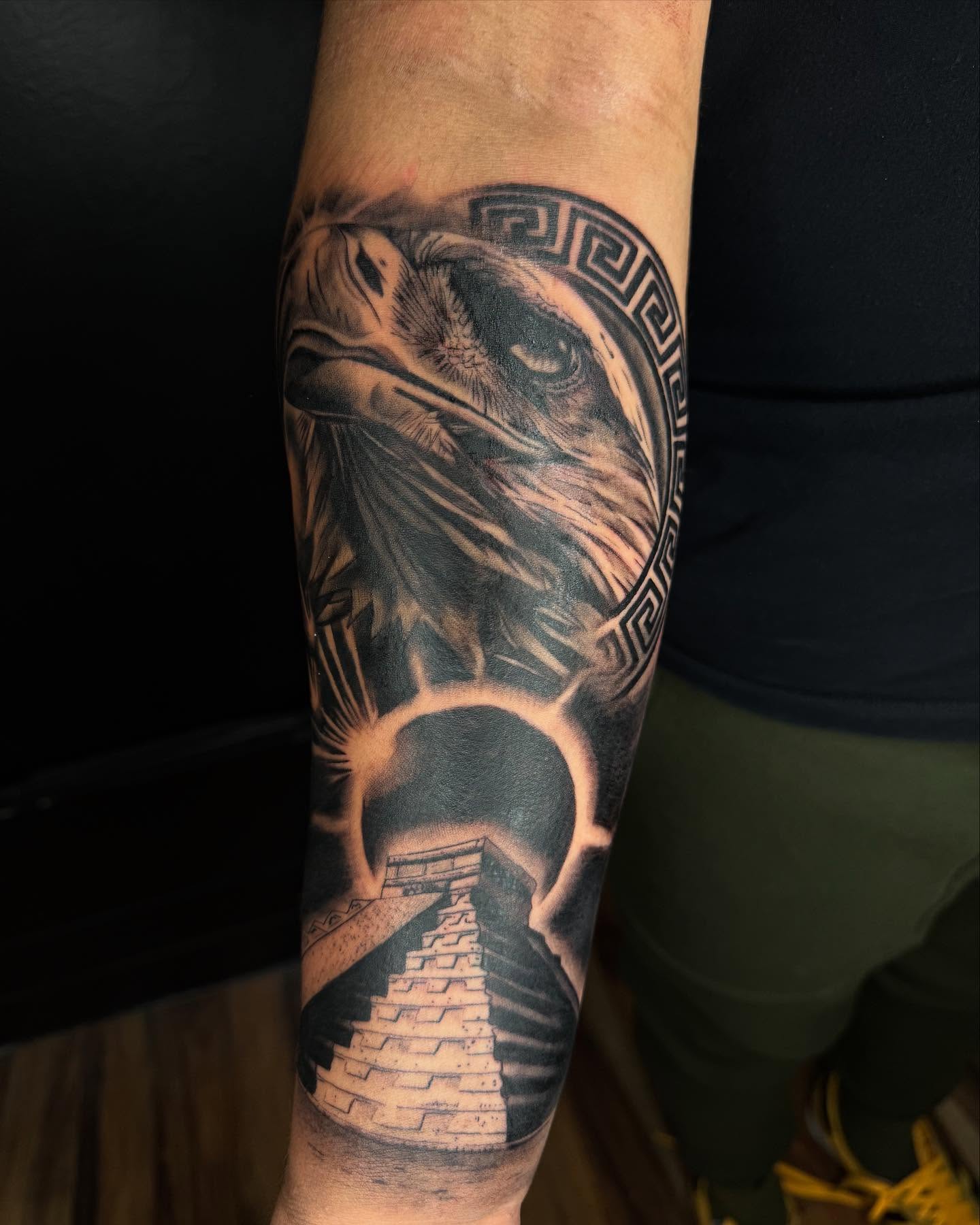 Eagle and pyramid realism tattoo on the forearm by Eduardo Chaparro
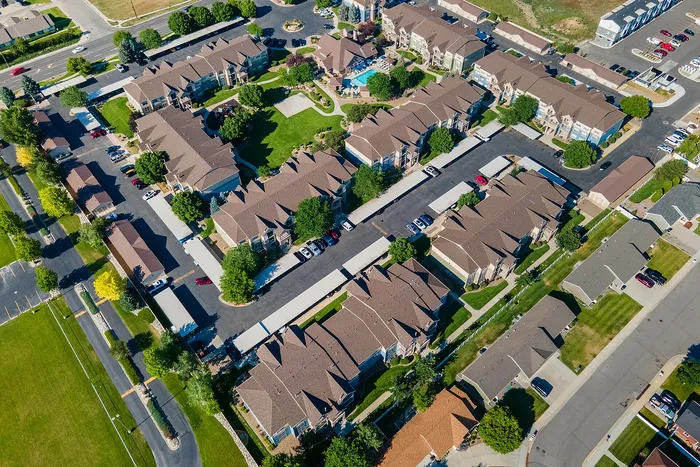 Aerial view of a modern apartment complex with lush green spaces, well-maintained landscaping, and ample parking.
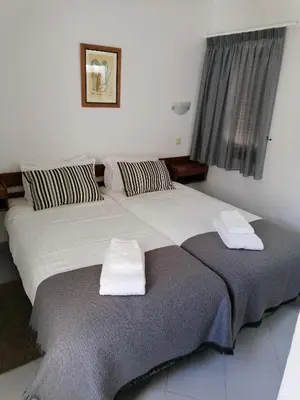 a bedroom with two beds with towels on them at Prado do Golf in Vilamoura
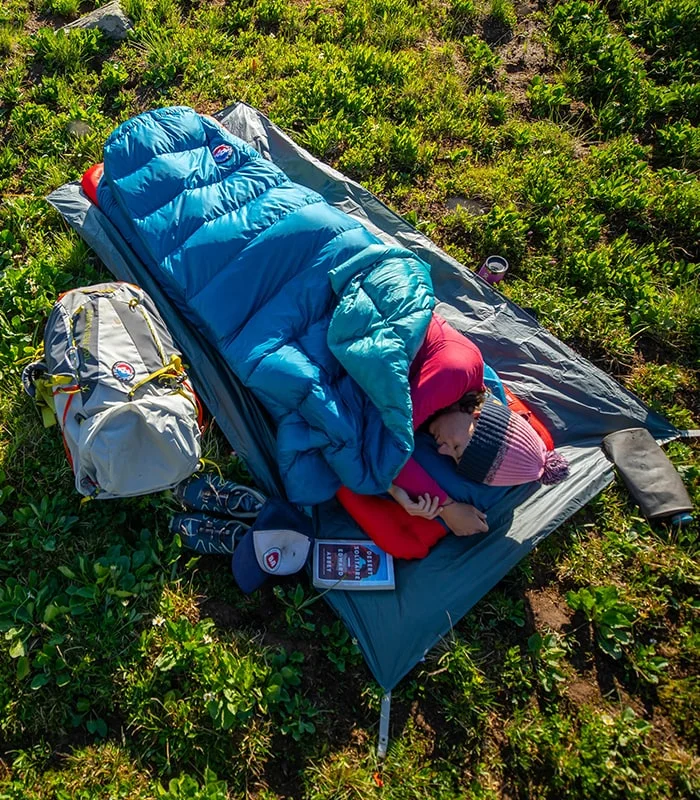 Woman in a sleeping bag.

■ **ASSIGNED TASK**
Only the lines between the one containing "a bedroom with" and the last line of the listing above, both included, should be written out, exactly and without pictures.

■ **REPLY TO THE EXERCISE**
 a bedroom with two beds with towels on them at Prado do Golf in Vilamoura
 Woman in a sleeping bag.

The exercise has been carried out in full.